Fotevikens Museum | |
Established | 1995 |
---|---|
Location | Höllviken, Skåne, Sweden |
Coordinates | 55°25′45.41″N 12°57′11.3″E |
Type | open-air museum |
Website | www |
The museum grew out of the archaeological investigation of sunken viking ships in Foteviken Bay and local interest in the Battle of Fotevik, which was fought there on 4 June 1134. A group headed by Björn M. Buttler Jakobsen formed a foundation called SVEG (Scandinavian Viking Explorer Group) in 1987. In 1993, the foundation started planning to open a maritime museum;[1] in 1995, after changing their focus towards Viking Age living history, they opened Foteviken Museum, with Jakobsen as its director.[2][3] At the Cog Museum in Malmö, the group built two replica viking cogs; in 2014 the city sold these and the harbour site where they are located is now a medieval-themed tourist area called Medeltidsriket Malmöya.[2]

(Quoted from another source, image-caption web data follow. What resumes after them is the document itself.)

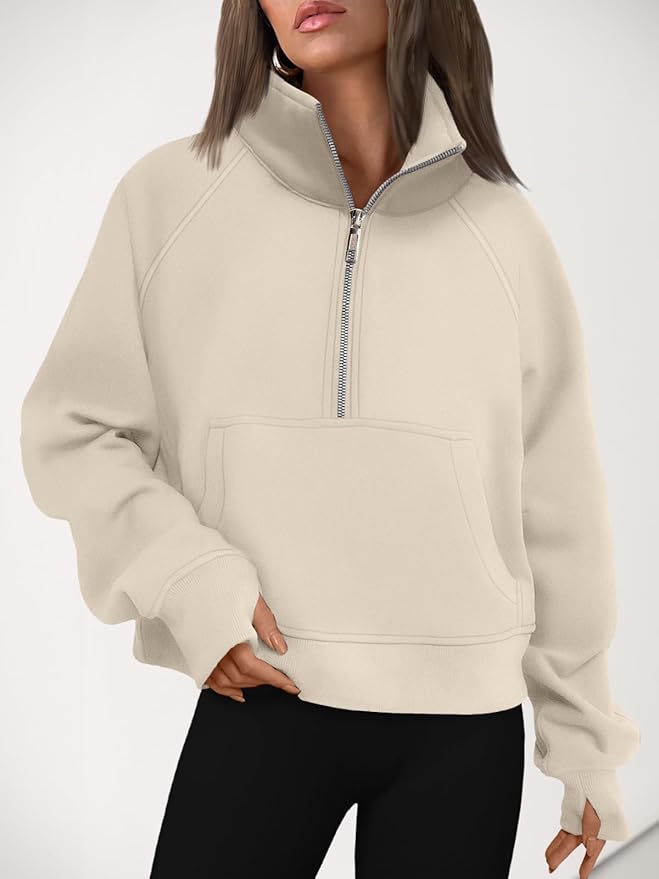 AUTOMET Womens Sweatshirts Half Zip Cropped Pullover Fleece Quarter Zipper Hoodies 2026 Fall Fashion Outfits Clothes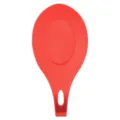 Red silicone spoon rest, heat resistant kitchen utensil holder pad for cooking tool - Red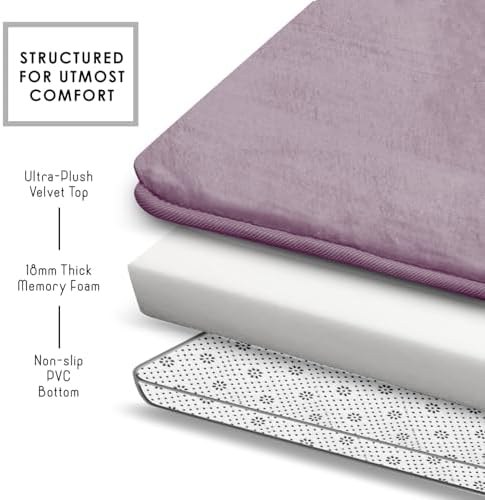 Clara Clark Bathroom Rugs, Velvet Memory Foam Bath Mat, Non-Slip Bath Rugs, Machine Wash, Dries Quickly, Ultra Soft Plush Bath Mats for Bathroom, 17 x 24, Dusty Purple - Image 5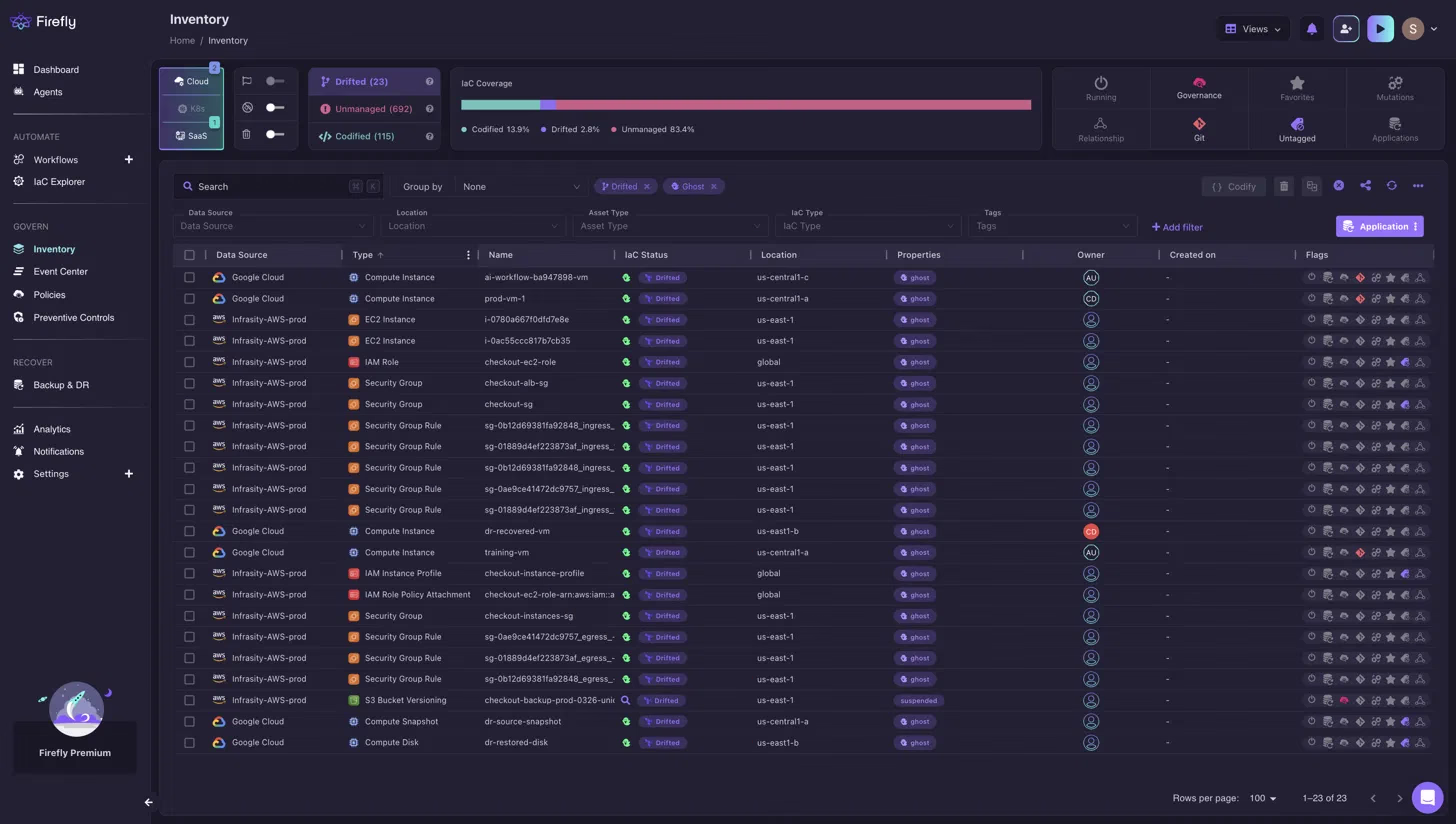 Screenshot of Firefly's inventory table filtered to show drifted resources across AWS and Google Cloud accounts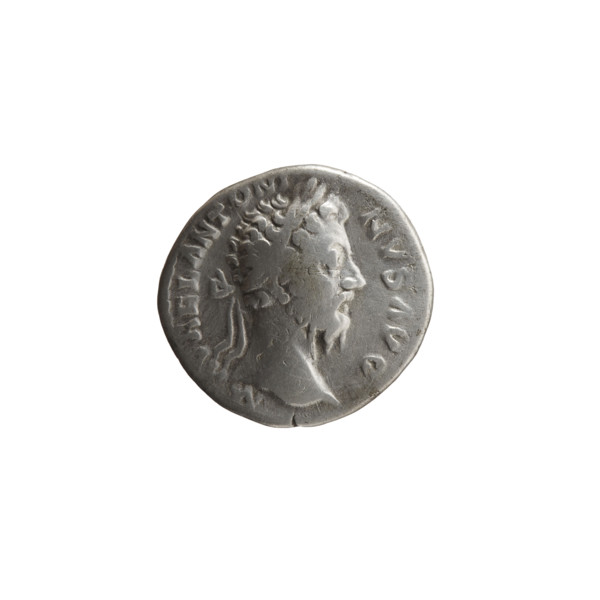 Denarius, Marcus Aurelius (121–180; Roman emperor 161–180), issuer; obverse: head of Marcus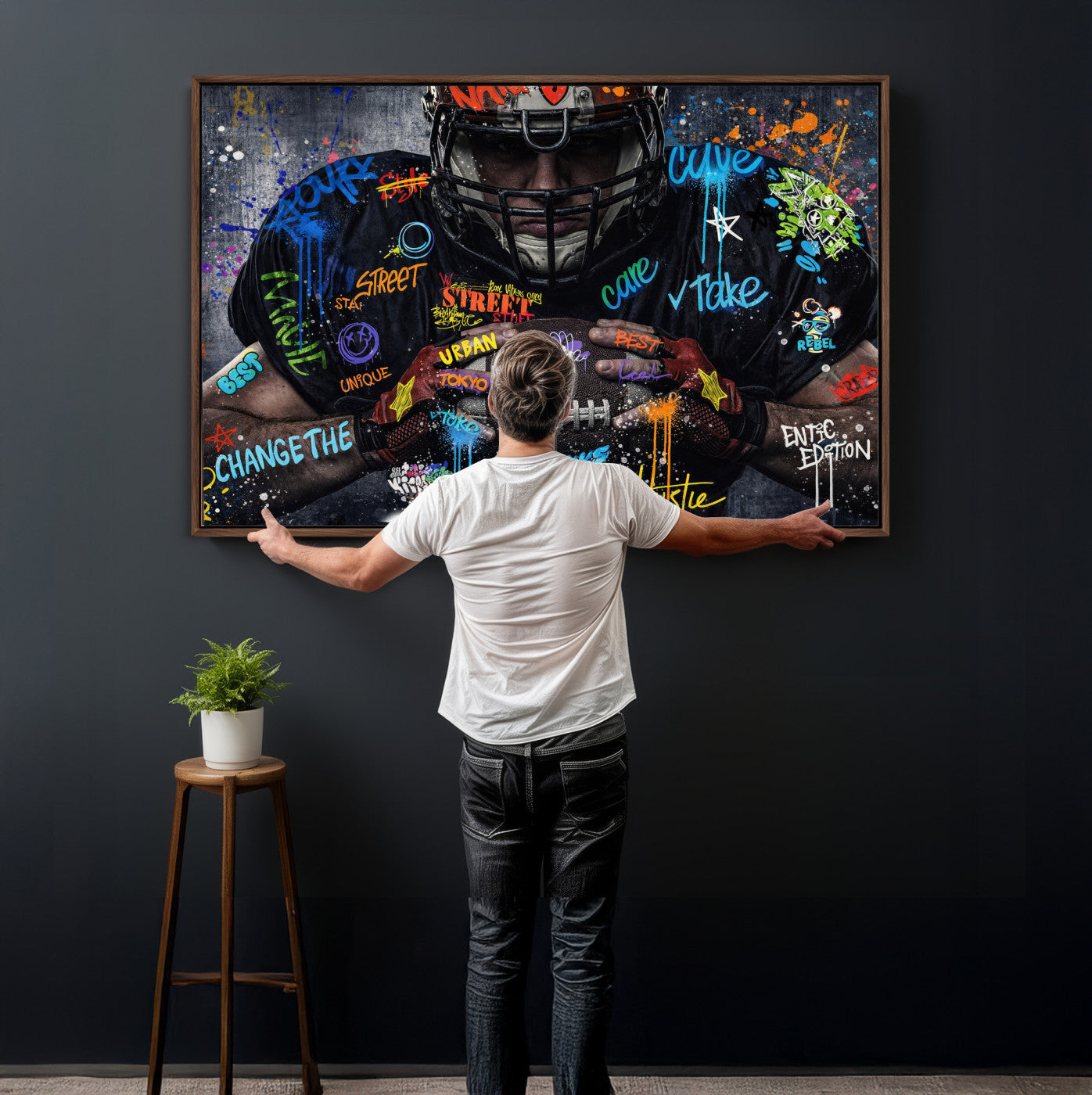 55267256-MGV-CV-36X24 - Graffiti American Football Player Street Art Wall Art Canvas Print, Urban Sports Pop Art Football Canvas Print, Modern Athletic Graffiti Contemporary Art Printing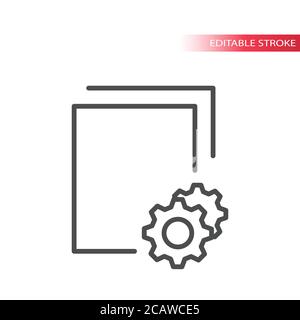 Icône de vecteur de ligne fine de traitement de documents. Document papier avec symbole roue dentée ou engrenage, contour, contour modifiable. Illustration de Vecteur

The museum occupies an approximately 70,000-square-metre (17-acre) site on Höllviken Bay. In addition to a reconstruction of a large Viking Age settlement, the 'Viking Reserve', there are research and handicrafts buildings and three large halls, including a restaurant seating up to 200 and a feast hall. The gate to the reserve is indicated on the museum map as a "border gate" between Sweden and the reserve.[4] Buildings in the reserve are built or rebuilt by staff and volunteers almost every season, with traditional methods being supplemented by modern technology in winter;[5] as of 2010[update] there were about 22, including a tapestry-lined chieftain's house[6] and a hof.[7] The reserve opens for the summer season on May Day,[3] and is intended as a recreation of a large settlement late in the Viking Age, during the transition to the Scandinavian Middle Ages and the increasing influence of Christianity in the North.[8] This enables the museum to include the Battle of Fotevik, which clearly belongs to the medieval period.[9] Those staying in the reserve live as Viking Age people[6] and are not permitted to have modern equipment or wear modern clothing.[10] It is marketed as open to "all Vikings"[11] and attracts large numbers of Viking Age reenactors;[2][7] many of the visitors are from outside Scandinavia, particularly from Germany.[12] An international viking thing is held in the Tinghöll building every year; according to the museum, in 2001 66 representatives from 22 countries were present.[9]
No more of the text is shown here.